Il y a cinq ans, en 2013, Antonietta Grassi a été confrontée au décès de ses deux parents survenu dans un court intervalle de temps. L’artiste doit alors vider la maison de son enfance. Des vieux objets empreints de souvenirs ont surgi. Qu’en faire ? Les garder ? Les donner ? Les jeter ? Antonietta doit se débrouiller. Petit à petit, les pièces se dénudent. Cuisine, salon et chambres deviennent des cubes désincarnés, le cocon familial autrefois surchargé apparaît comme une pure géométrie. S’engage alors pour l’artiste un processus de réflexion sur l’espace. Il donnera naissance aux perspectives gauches qu’on observe aujourd’hui dans ses toiles. Ces perspectives constituent un nouvel ordre après le désordre du deuil, en même temps qu’une manière de garder la mémoire des objets de la maison. Parmi ces objets, certains fonctionnent à l’aide de technologies dépassées (télécopieurs, machines à coudre) ; Antonietta Grassi dévoile ce monde intérieur. La déformation des figures qu’elle dépeint se propose alors comme le résultat de la dissection qu’elle entreprend, mais aussi comme le signe du temps qui passe.
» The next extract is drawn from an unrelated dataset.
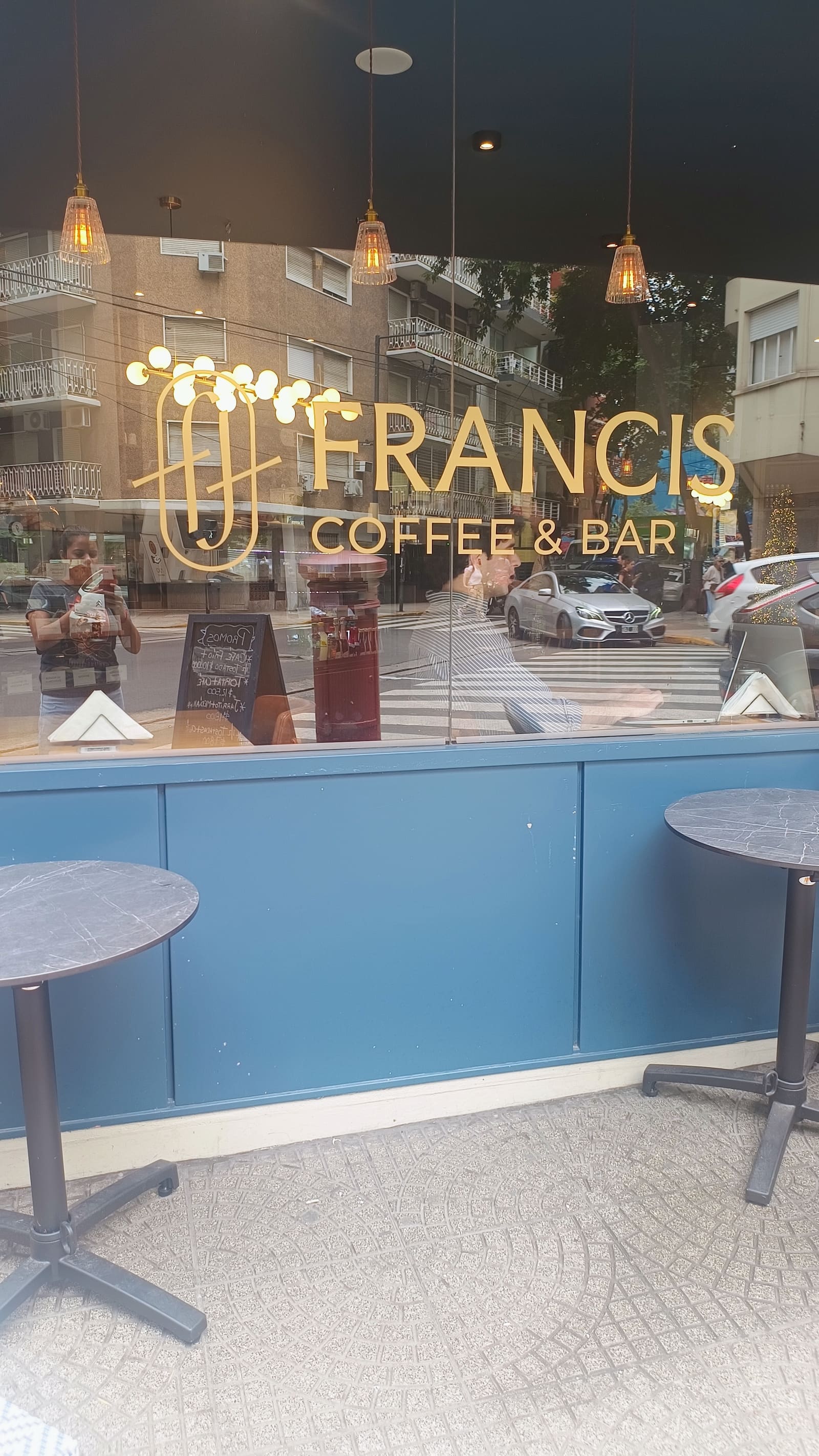 Vidriera de Francis con el imagotipo en vinilo dorado, vista desde la vereda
Un an plus tôt, le 21 janvier 2017, de grandes marches féministes ont lieu un peu partout dans le monde. À Washington, des milliers de femmes coiffées d’un bonnet rose envahissent les rues. Spectatrice lointaine de l’événement, Antonietta Grassi voit rapidement le rose envahir ses toiles. Le phénomène ne la surprend pas vraiment, l’artiste se définissant volontiers comme une éponge : tout ce qu’elle voit, vit et ressent motive son travail. Un câble électrique s’entortille au coin de l’atelier, et l’orange apparaît quelques jours plus tard dans ses tableaux. Aujourd’hui, c’est la condition de la femme qui occupe ses réflexions. Mais, plutôt que de se consacrer à une représentation littérale, l’artiste s’emploie à opérer un acte de reconnaissance tout en finesse envers des artistes qui l’ont inspirée (Helen Frankenthaler, par exemple) et des petites mains à jamais inconnues, les travailleuses des pink-collar jobs notamment (représentées dans My job is very boring I’m an office clerk).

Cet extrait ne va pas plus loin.